Starting from the knowledge of its past, we can roughly reconstruct its original appearance. It is a three-lobed (truncated) plan edifice, whose monumental sculpture reproduced the model of the Dealu Monastery church, where the nave was crowned by a tower supported on two pairs of transverse and longitudinal arches in continuation of the four masonry legs that flanked the inside the lateral apses, and the pronaos divided into two compartments by a transverse arch, of which the eastern one is marked by two smaller towers.
The existence of one pilaster abutting the north and south walls of the pronaos and supporting a transverse arch means covering the space to the east with two smaller towers, and the one to the west, it seems, with a semi-cylindrical vault arranged lengthwise.
Thus, in the church of the former Gorgota Monastery, we find one of the first examples known to us for now, along with perhaps the episcopal church and that of the former Vintila Vodă (Menedic) Monastery in Buzău, of processing the structural type from Dealu. It is proof of the transposition into brickwork of the famous stone foundation of Radu the Great, testimony to the deep impression it produced in the world of builders of that time. At the same time, we cannot forget that the resumption of the type from Dealu is also due to the kinship of the founders, Pătrașcu cel Bun being the son of Radu cel Mare.

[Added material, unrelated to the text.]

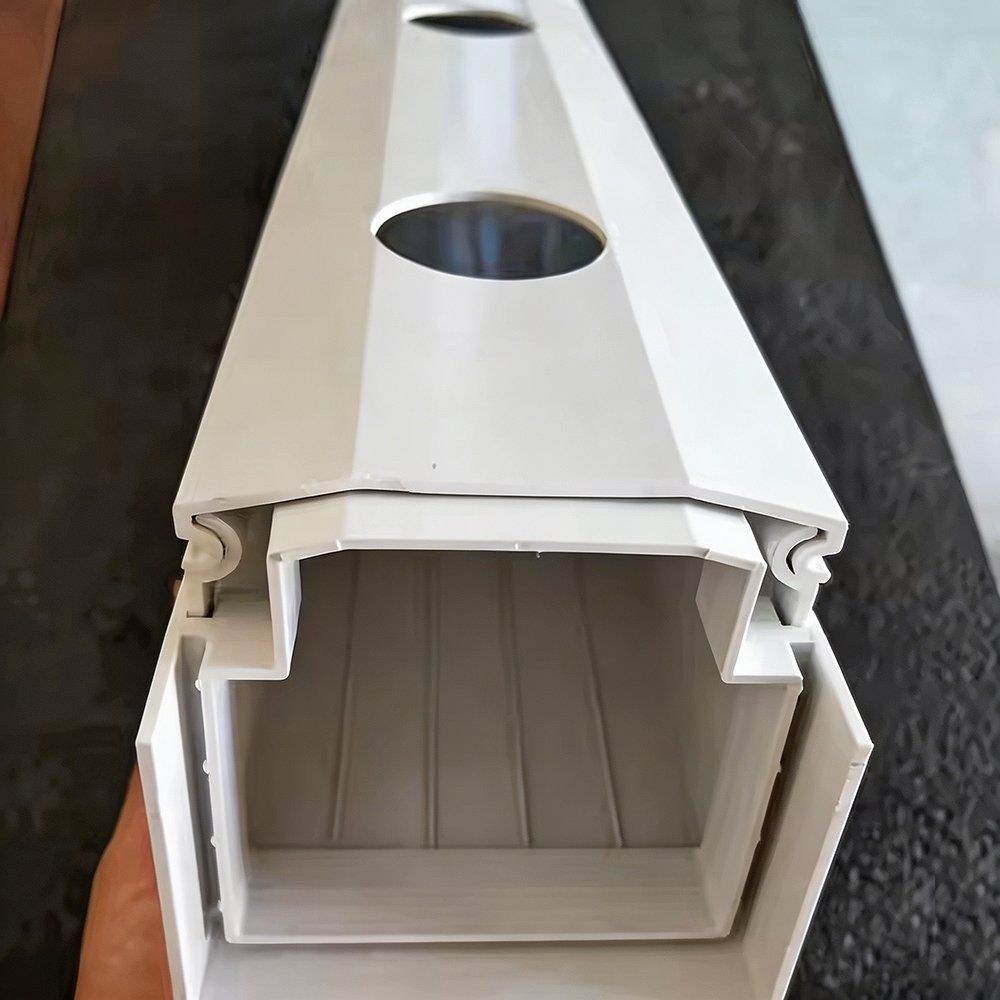 Close view of a white food grade PVC growing channel with a planting opening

On the outside, the church was surrounded only near the nave and the altar by a horizontal girdle made up of a log stuck between two strips made of bricks arranged in saw teeth only near the apses.
The lower register is decorated with rectangular panels, separated by lintels, and the upper one, partly destroyed, seems to have been finished by twin arches, also separated by lintels. On the same surface of the girdle-encircled facades, we encounter a facade decoration consisting of rectangular, plastered panels, framed horizontally by three adjacent rows of bricks, all apparent. On the three outer sides of the pronaos, the decoration consisted only of three asises arranged above the plinth, made of plastered panels alternating with apparent bricks, the rest of the brickwork being covered with a thin layer of plaster. In this plaster was sgraffito and then painted in red a decoration that imitated the order of the apparent brick strips and plastered areas of the rest of the church facades.
Text taken from the history of the church displayed at the entrance.